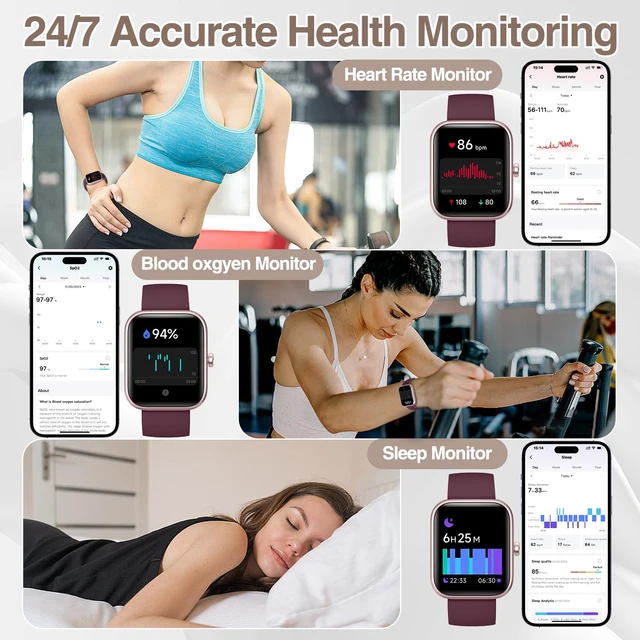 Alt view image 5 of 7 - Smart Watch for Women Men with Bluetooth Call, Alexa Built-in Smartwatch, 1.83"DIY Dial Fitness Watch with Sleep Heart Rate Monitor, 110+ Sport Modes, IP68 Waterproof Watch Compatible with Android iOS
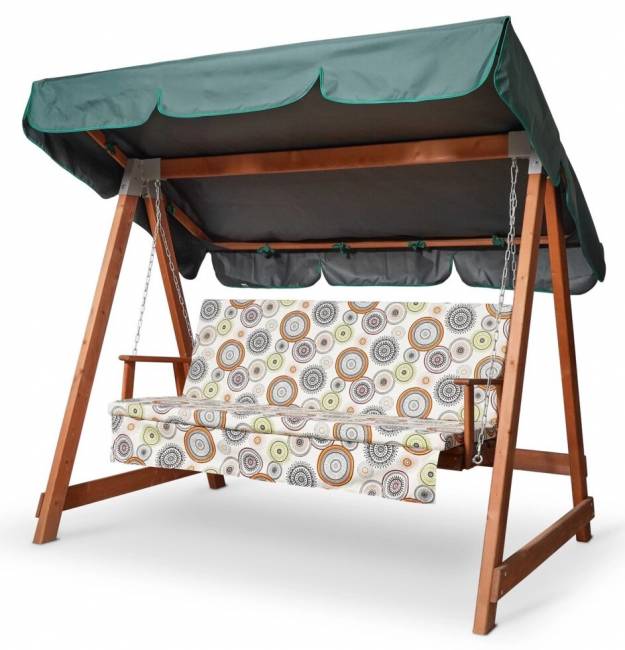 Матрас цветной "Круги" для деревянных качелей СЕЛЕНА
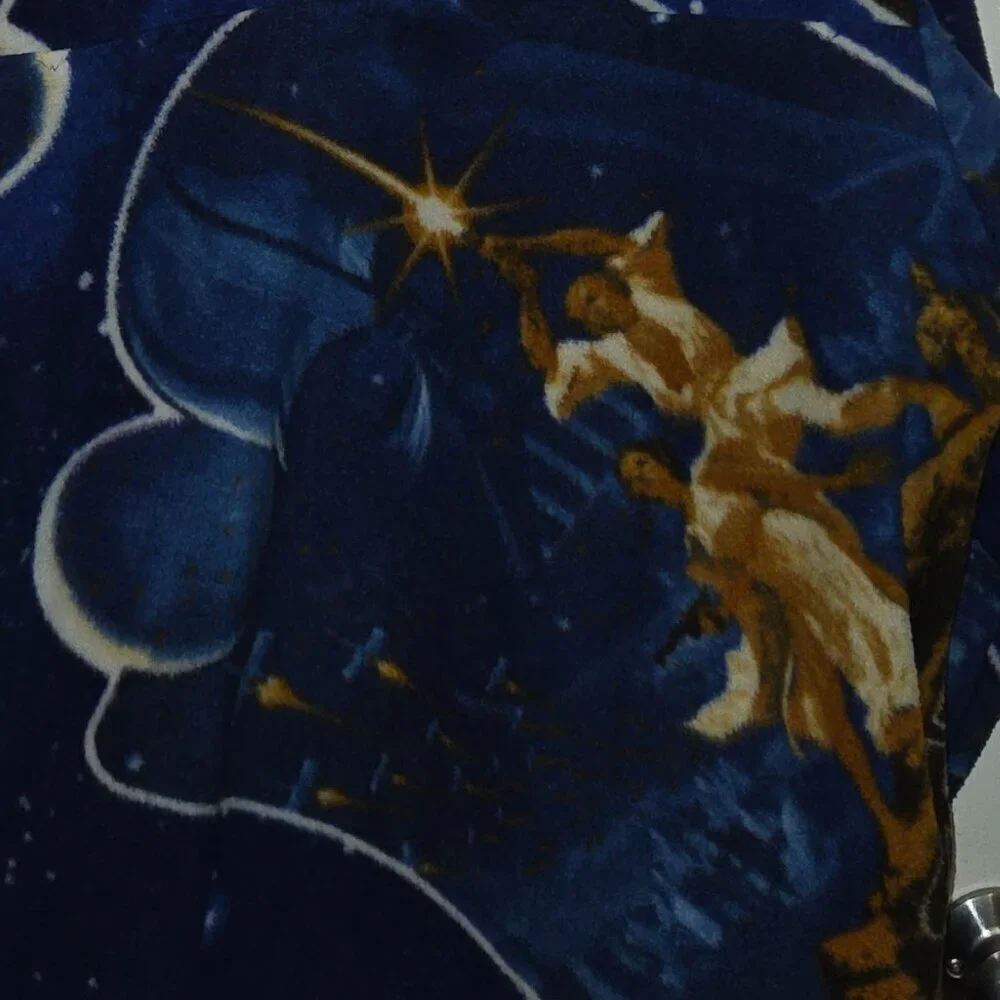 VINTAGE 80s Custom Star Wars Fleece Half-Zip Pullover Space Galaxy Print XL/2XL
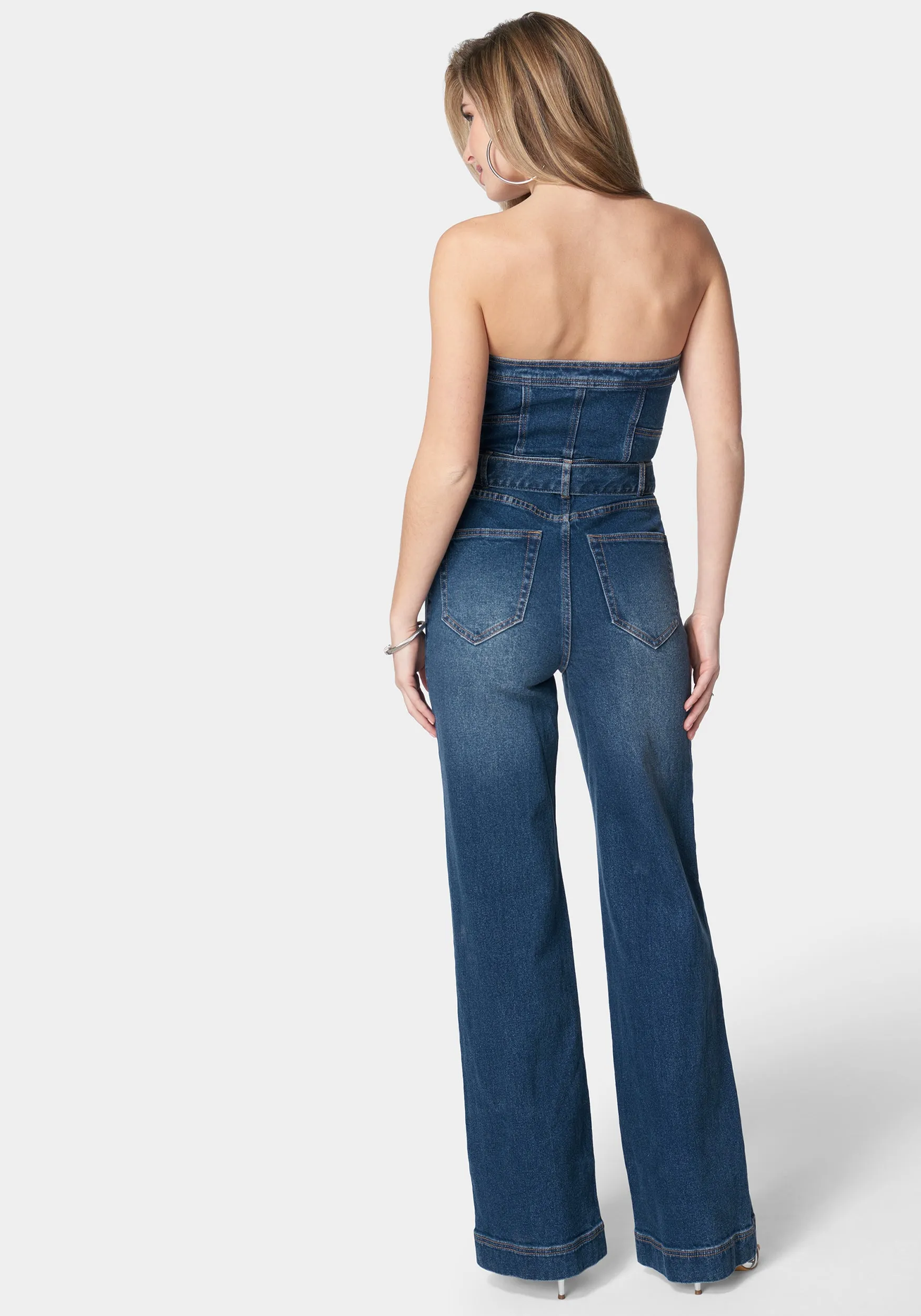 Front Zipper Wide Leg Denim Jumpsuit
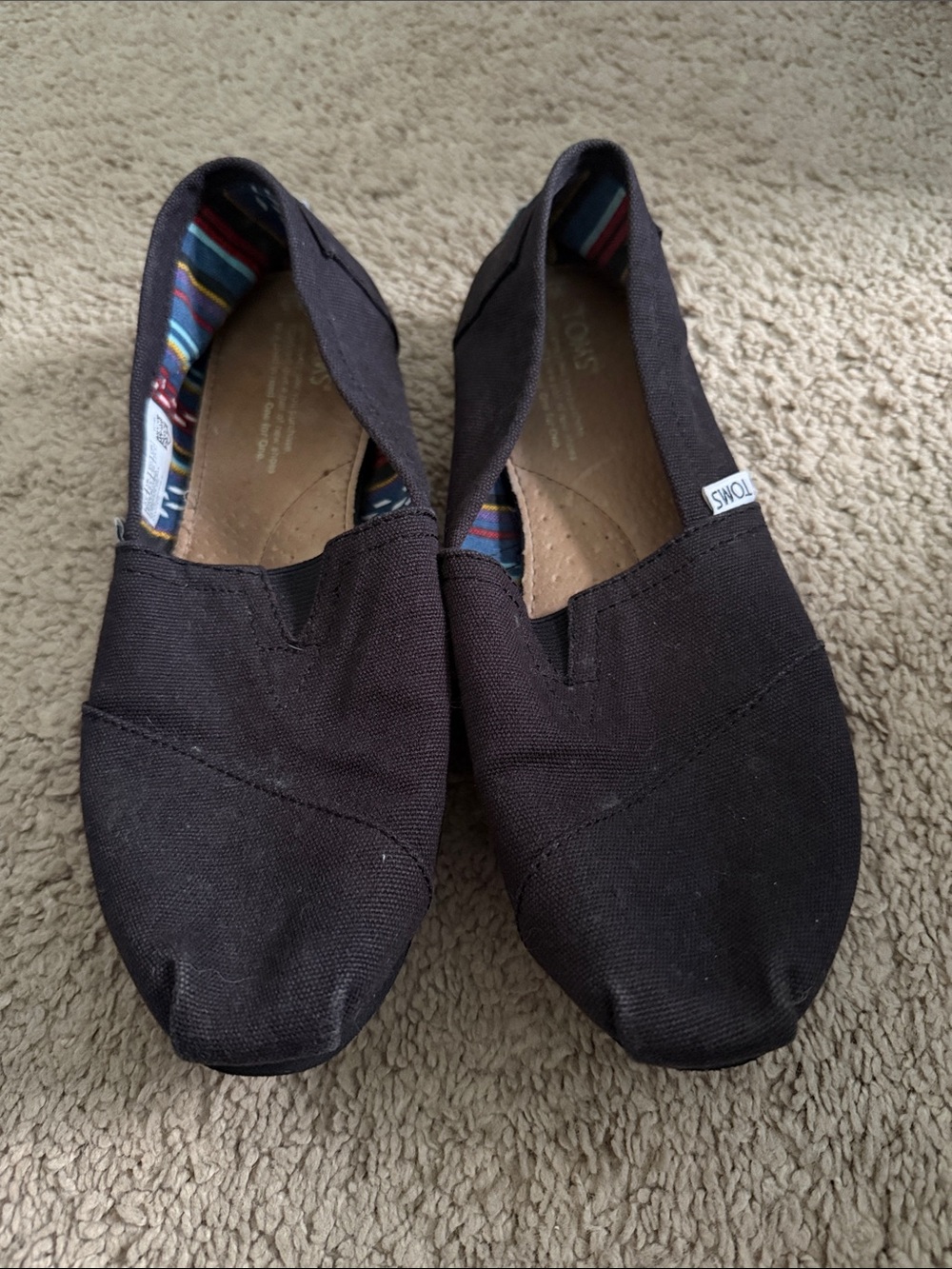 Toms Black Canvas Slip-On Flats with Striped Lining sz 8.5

···

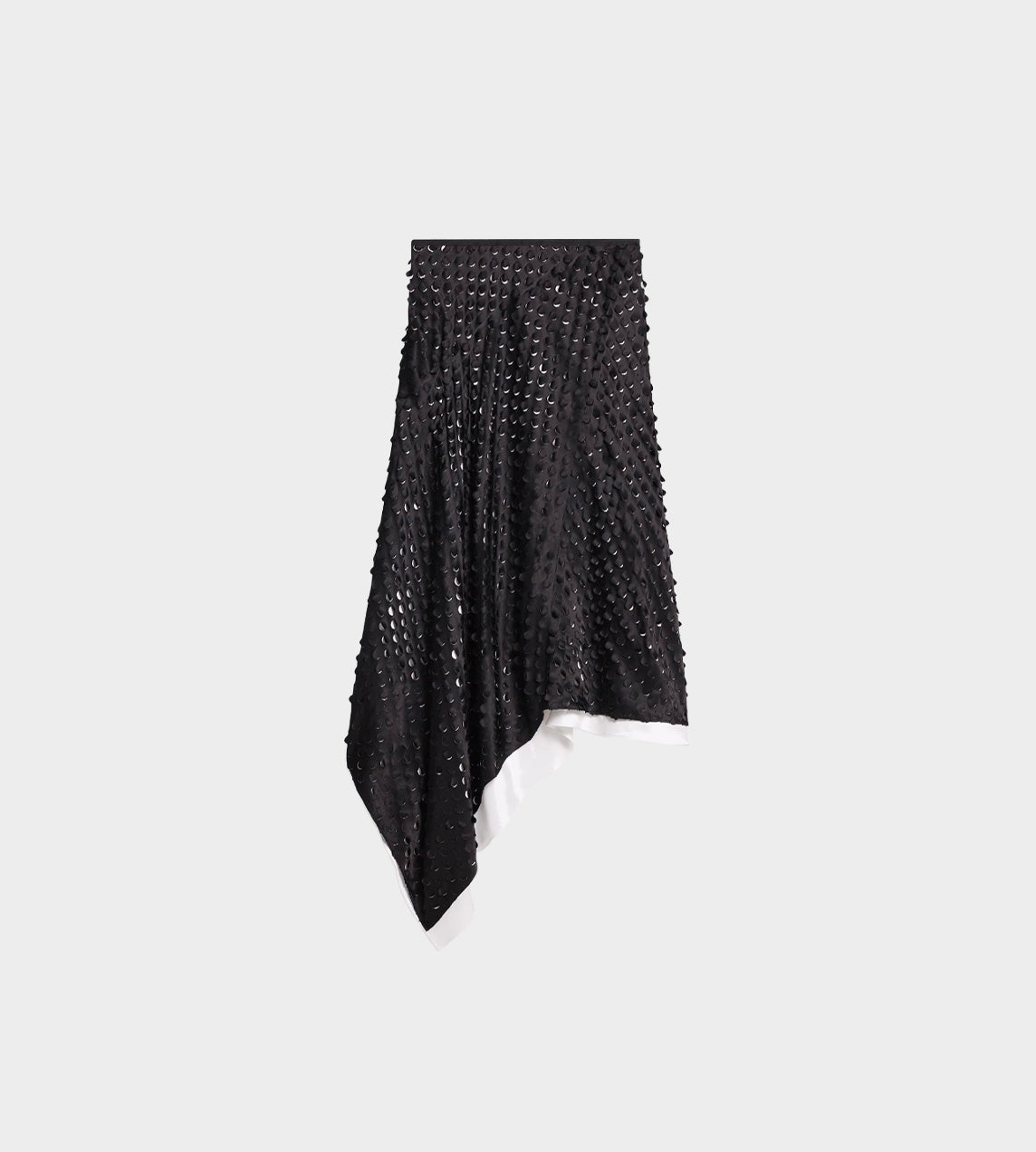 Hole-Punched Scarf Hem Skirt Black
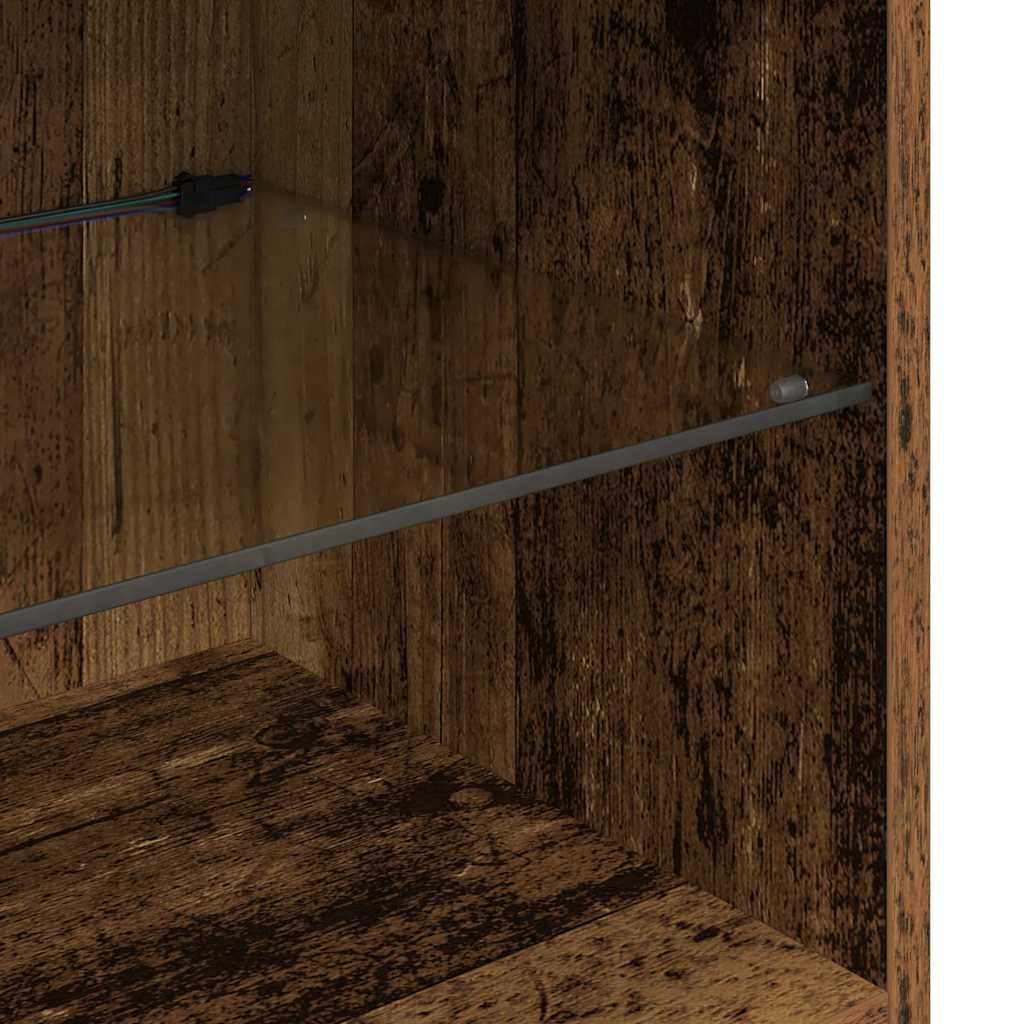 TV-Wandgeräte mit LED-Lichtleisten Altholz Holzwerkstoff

···

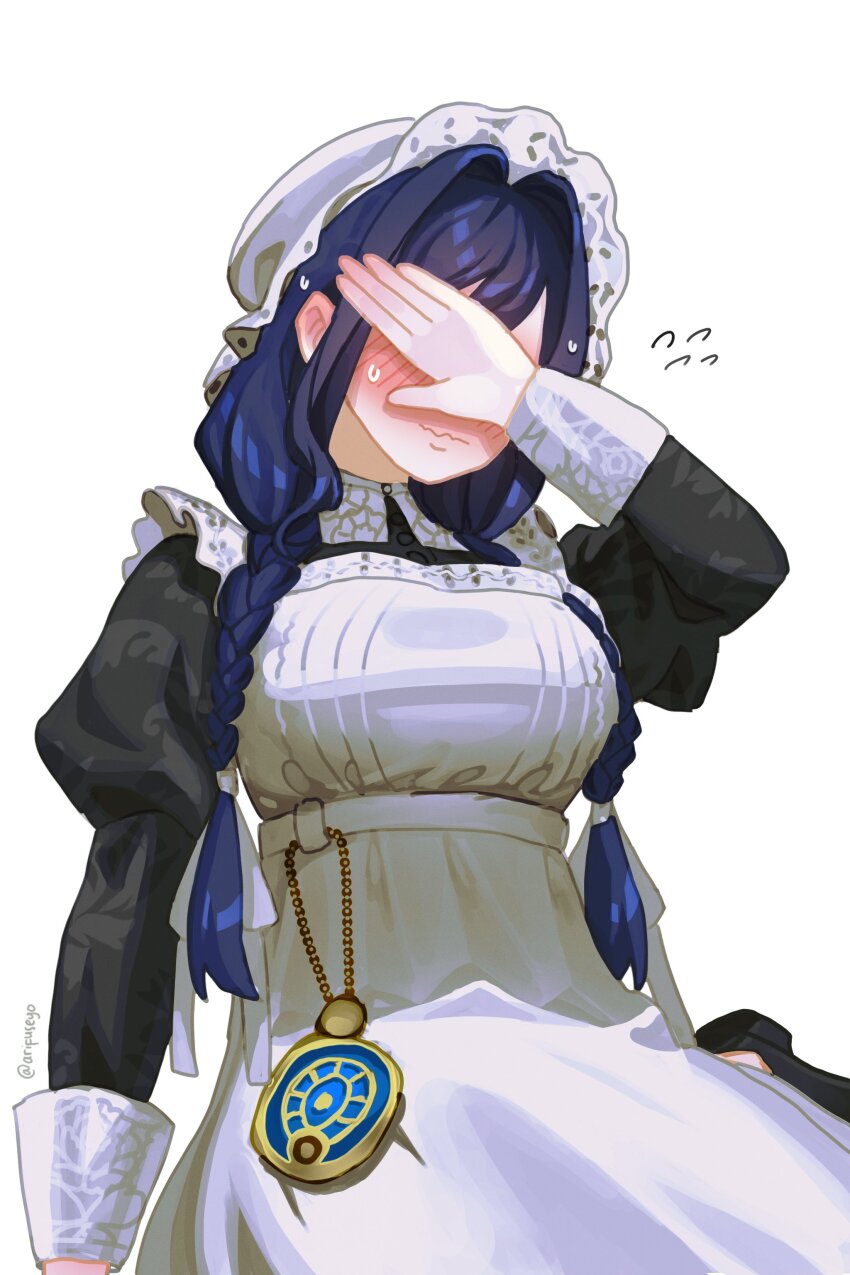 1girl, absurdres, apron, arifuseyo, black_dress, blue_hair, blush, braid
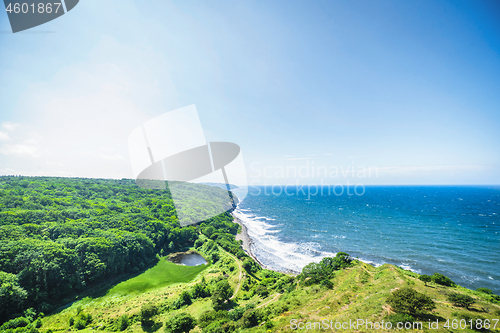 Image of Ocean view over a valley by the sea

···

## Activity
Transcribe, word for word, the stretch of lines in the data above from the one with "VINTAGE 80s Custom" through the one with "Toms Black Canvas"; omit all pictures.

## Expected output
 VINTAGE 80s Custom Star Wars Fleece Half-Zip Pullover Space Galaxy Print XL/2XL
 Front Zipper Wide Leg Denim Jumpsuit
 Toms Black Canvas Slip-On Flats with Striped Lining sz 8.5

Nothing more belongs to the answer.